Утром, когда она направлялась к клеткам с енотами, дорогу заступил Данила.
– Наконец-то. А то я думал, ты решила бросить меня одного на тропе.
– Ни за что, никогда, – сказала Анна, энергично качая головой. – Я должна провести с тобой учет, и я это сделаю. Когда пойдем?
– Сегодня, – сказал Данила. – У меня все готово. – Он похлопал по планшету, который достался ему от отца, а тому – от его отца. Кожаный планшет болтался на бедре, одетом в камуфляж. Штаны заправлены в серые катанки.
– Мне надо переодеться.
– Да уж конечно, не в этих сапожках на лыжи вставать, – согласился Данила.
Анна была в черных брюках и тонких кожаных сапогах на каблучке. Она уже чувствовала мороз.
Данила посмотрел на часы:
– В десять у конторы. Годится?
Анна кивнула.
– Смотри, – тихо сказал Данила и схватил Анну за рукав.
– Куда? Что? – замерла она на одной ноге, опасаясь опустить другую, вдруг хрустнет снег. Она хорошо знала, как осторожны лесные обитатели.
– Вон. – Данила указал на толстую осину. На высоте человеческого роста висела деревянная кормушка. На ровной площадке желтела крупа – мелкие шарики вперемешку с пшеном, догадалась она. Штук пять птиц устроились на ней.
– Это ты повесил? – тихо спросила Анна.
– Нет. Это моя дочь, – сказал он.
– Дочь? – Анна вскинула брови, пытаясь соединить: Данила и дочь. Внезапно до нее дошло. – К тебе вернулась… жена?
– Точно. – Он рассмеялся. Синицы, а это были они, даже не встрепенулись.
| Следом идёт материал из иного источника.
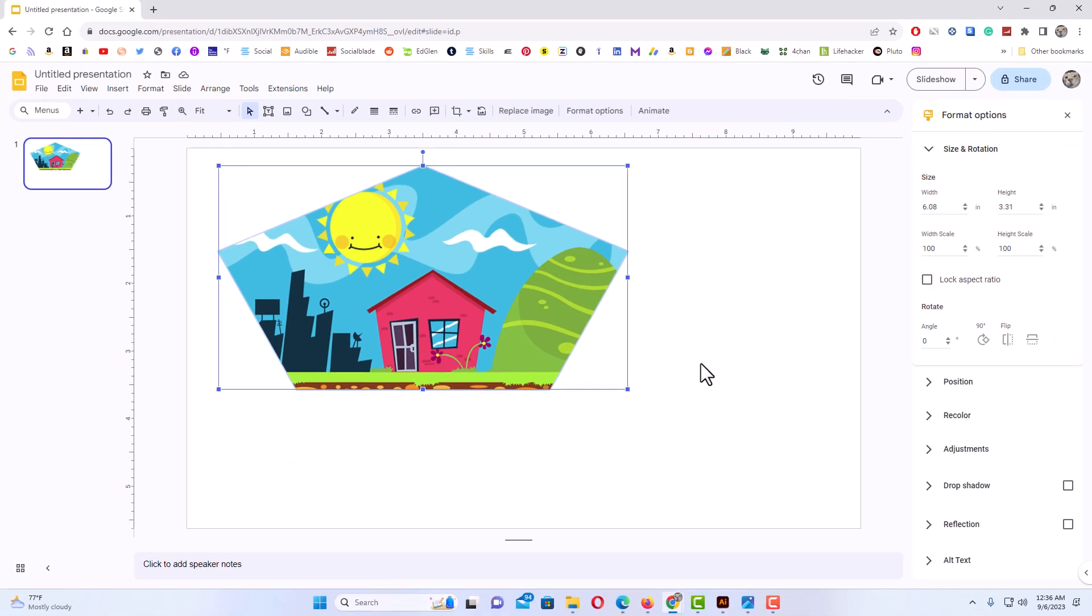That is how to crop an image into a circle or shape in Google Slides. Thanks for watching.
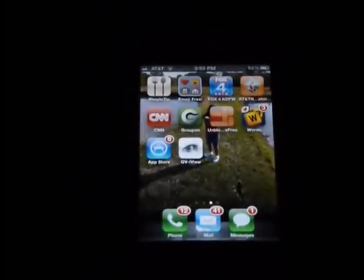In this demonstration, we're going to see how to view your DVR from an iPhone. We'll start by going to the App Store to get the application.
– Но… твоей дочери шесть, верно? Как она достала до такой высокой ветки? – спросила Анна, пытаясь говорить как можно спокойнее. Нет, никогда у нее не было видов на Данилу. Просто одиночество этого человека, занятого лесом и его обитателями, служило примером – совсем не обязательно связывать себя с кем-то так тесно, как муж и жена, если ты страстно любишь что-то еще в этой жизни. – Как же она достала? Кормушка высоко.
– Я подсадил дочку. – Данила засмеялся и порозовел. – Знаешь, я только теперь понял, что вел себя как вот эти. – Он кивнул в сторону кормушки.
Две синицы вытянулись во весь рост, наклонили голову, показывая друг другу черную шапочку. Соперники.
– Ага, – сказала Анна, – кто главнее, да?
– Да. По размеру и по цвету шапочки они узнают возраст и ранг. Смотри дальше.
Анна замерла. Один из соперников повернулся боком. Потом приподнялся на вытянутых ножках, встал столбиком и повернулся грудью к другому. Тот проделал то же самое. Медленно, как маятник, они раскачивались из стороны в сторону.
– Показывают самую главную метку наряда – черное пятно. Видишь, в самом низу брюшка, почти под хвостом. – Данила рассмеялся. – Я точно так же вел себя с тем, к кому ревновал жену. Потом мы ей оба надоели, она взяла и укатила к родителям. В Пермь. Чтобы никого из нас не видеть.
– На самом деле? У нее кто-то на самом деле… завелся?
– Знаешь, я в молодости был страшно ревнивый. Я теперь понимаю, что все сам выдумал. Слава Богу, жена оказалась умнее меня. Она вернулась. – Он вздохнул, по его лицу можно изучать, как выглядит довольный человек. – А теперь пошли. Стемнеет, пока мы рассуждаем о любви и ревности.
Анна почувствовала, как заныли виски.